1. Guide numbers, strobe power, and the Guide Number formula

When you can't rely on TTL strobe control, what are your alternatives? Manual control is really the only other way to control your strobe. So let's jump right in.

Here's the basic situation: your strobe dumps all of its light while the shutter is open. There's no other way the system can work. Click here if you want to know why. So how can you control how much light reaches the film from your strobe? Basically, there are three ways. One way is with your lens aperture. You have to set the shutter speed for a range that syncs with the strobe, but the aperture is completely under your control. The smaller the aperture, the less strobe light gets to the film. The second way is by changing the distance between you and your subject. I don't know if you remember high school physics or not, but the intesity of light falls of like the square of the distance from the source.

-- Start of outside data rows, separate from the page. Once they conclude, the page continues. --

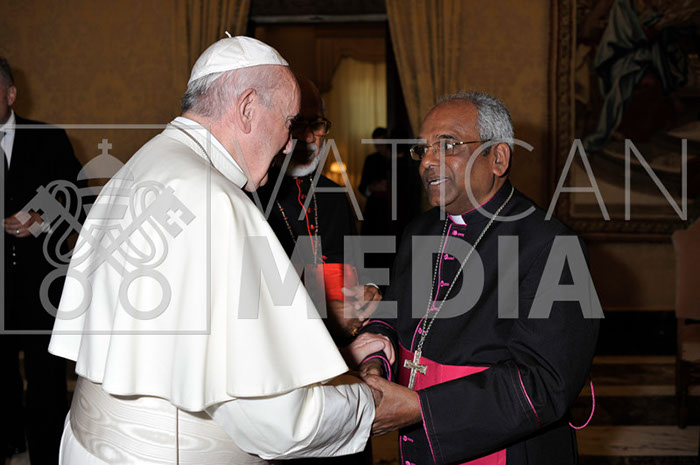 %_tempFileName01677_03102019%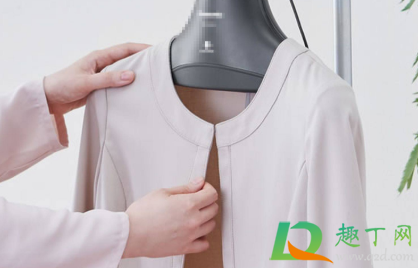 衣服汗味比较大怎么处理(汗味重的衣服怎么处理)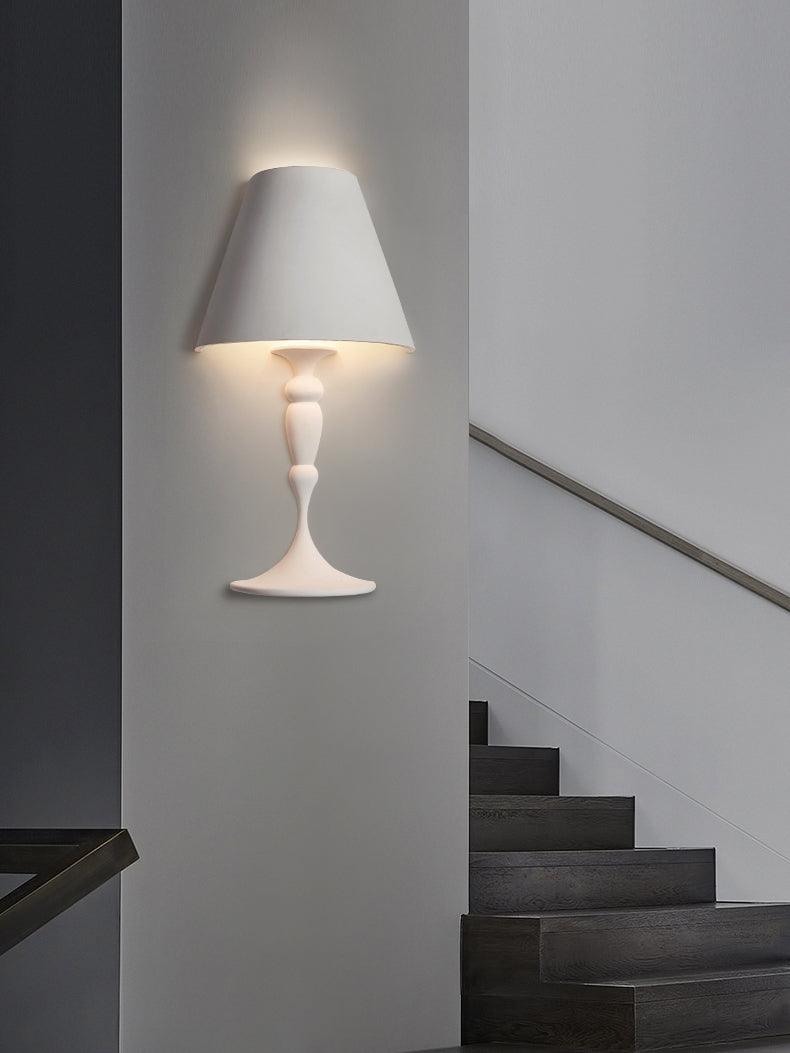 plaster-picture-wall-lamp-anzaz--9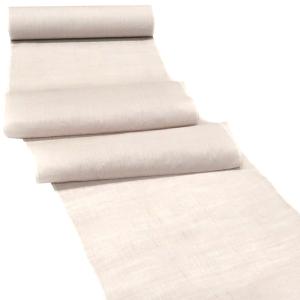 平和屋着物＊夏物　小千谷ちぢみ　麻の葉文様　麻　逸品　AABH4015jd 平和屋着物＊夏物 小千谷ちぢみ 麻の葉文様 麻 逸品 AABH4015jd - メルカリ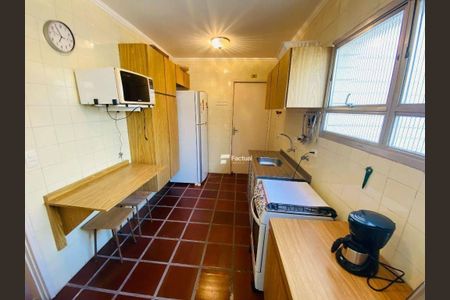 6_photo/94d1ffe701.8b11e55a342b97c9-ATLAS-2568cb1c-d2c5-4088-8e80-7fd735acb17e.jpg de apartamento à venda com 2 quartos, 90m² em Balneario Cidade Atlantica, Guarujá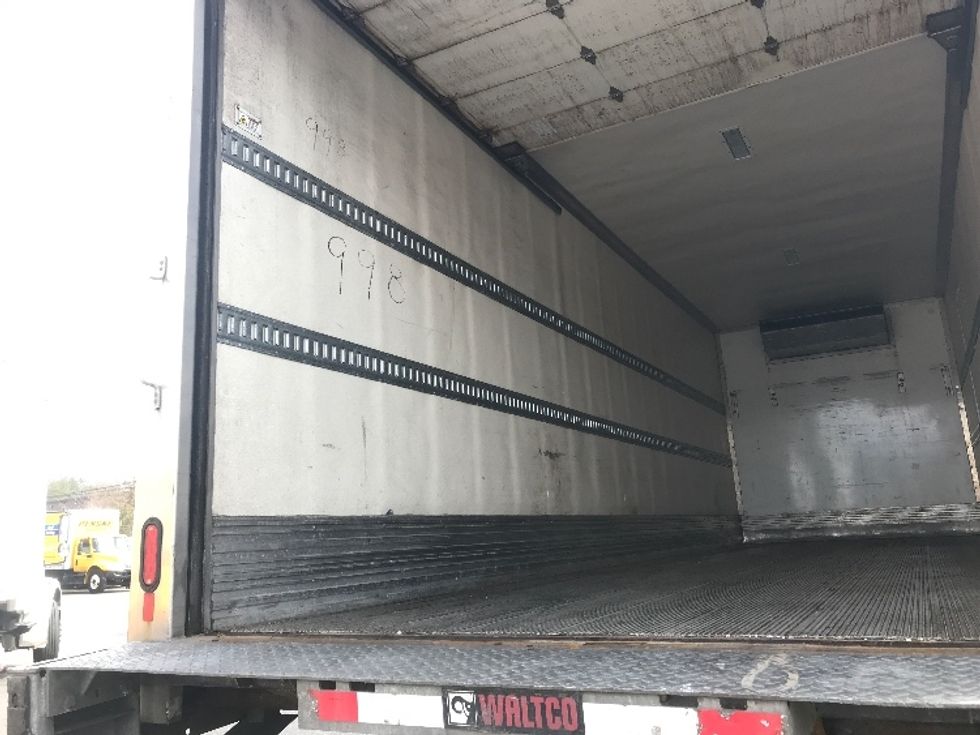 2020 Freightliner M2 106 Medium Duty photo 11
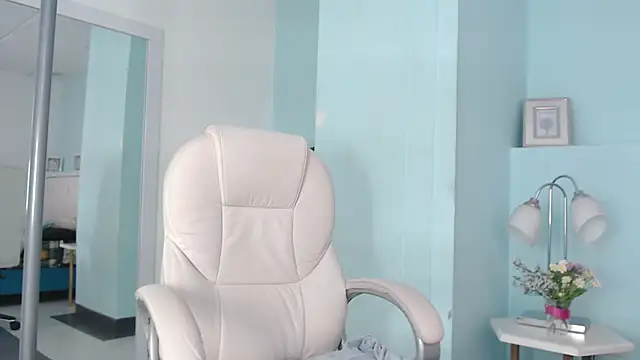 Sunshine gh1 online show from 04-08-26, 11:32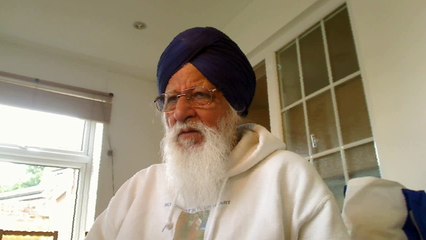 Matt. 15v1-9:- Our Supernatural Father is within your own heart. He doesn't like lip services.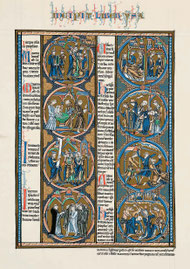 vol. 2, f. 97v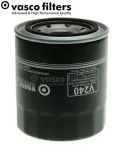 Ölfilter DAVID VASCO V240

The same applies to your strobe light. If you take a picture from twice as far away, your strobe will have one quarter the effect. Three times farther away? One ninth the effect. You get the idea. So you can change the distance between you and your subject to change the effect of the strobe. The third way is possible only with more complex and expensive strobes: you can dial back the strobe power. Some strobes come with a knob where you set how much light you want from the strobe: full power, 1/2 power, 1/4 power, 1/8 power, etc.

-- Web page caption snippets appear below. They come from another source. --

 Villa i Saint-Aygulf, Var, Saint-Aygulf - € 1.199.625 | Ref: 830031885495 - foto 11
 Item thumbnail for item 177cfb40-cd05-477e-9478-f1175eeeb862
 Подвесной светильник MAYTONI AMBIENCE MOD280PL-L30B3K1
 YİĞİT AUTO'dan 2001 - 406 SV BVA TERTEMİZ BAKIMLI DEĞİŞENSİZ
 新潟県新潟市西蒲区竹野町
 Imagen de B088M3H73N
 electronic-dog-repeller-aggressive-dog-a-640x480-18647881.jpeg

But let's ingore that power dial for a minute, and pretend that we have a fixed-power strobe. How do we know what aperture and shutter speed to use for any given picture? First of all, forget the shutter speed for now. As long as it's within the sync speed range for your camera, you'll be OK. Then how do we know what aperture to use? The answer is to use a formula that applies to all strobes, and a number called the Guide Number (GN). The guide number for your strobe should be stated by the manufacturer. If the manufacturer is Ikelite, that Guide Number will probably be reliable. If the strobe was made by someone else, you'll probably have to take their guide numbers with a grain of salt; my experience is that many manufacturers over-rate their guide numbers, sometimes dramatically. This is probably a marketing ploy.

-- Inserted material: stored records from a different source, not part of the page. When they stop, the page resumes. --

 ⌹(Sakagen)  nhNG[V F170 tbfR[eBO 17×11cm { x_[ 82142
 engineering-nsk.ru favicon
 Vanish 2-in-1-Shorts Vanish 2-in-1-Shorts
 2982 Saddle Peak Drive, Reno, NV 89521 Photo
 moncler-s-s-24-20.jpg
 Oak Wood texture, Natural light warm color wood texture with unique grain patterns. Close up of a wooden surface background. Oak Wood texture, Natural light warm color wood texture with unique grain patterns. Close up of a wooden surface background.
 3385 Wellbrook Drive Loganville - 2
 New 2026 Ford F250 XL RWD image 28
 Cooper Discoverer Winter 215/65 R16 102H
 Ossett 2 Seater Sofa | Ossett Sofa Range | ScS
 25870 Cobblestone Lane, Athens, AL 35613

The guide number is a number that tells you what aperture setting to use for the strobe-to-subject distance of your picture (or vice versa). The formula is

GN = aperture * distance.

The higher the guide number, the stronger the strobe. For example, the guide number for my Ikelite SubStrobe 200 is around 40, in feet for ISO 100 film. The GN for my Ikelite SubStrobe 50 units is 28. Why is the guide number for the SS-200 only 1.4 times as much as the GN for the SS-50, when the SS-200 is supposedly 4 times as powerful as the 50? Because the 50 concentrates its light into a relatively narrow cone with an opening angle of around 70 degrees. The SS-200 spreads its light out into a 100-degree cone. That means the 200 can "cover" a much wider lens than the 50. Since you've got more area to cover, the effective brightness of the light goes down.

So how do we use the Guide Number formula? How about I show you some examples. In all the examples below, let's just assume I'm using my SS-200, with a guide number of 40. Its actual guide number is 38, but 40 makes for easier calculating.

Let's say my subject is 5 feet from my strobe. To calculate the proper aperture, I re-arrange the GN formula from above like this:

aperture = GN / distance.

Now I solve for the aperture: aperture = 40/5 or f/8. If the subject is 3 feet, I set it to 40/3 = f/13. Now f/13 isn't a regular stop, so I'd shoot one at f/11 and another at f/16, and hope for the best.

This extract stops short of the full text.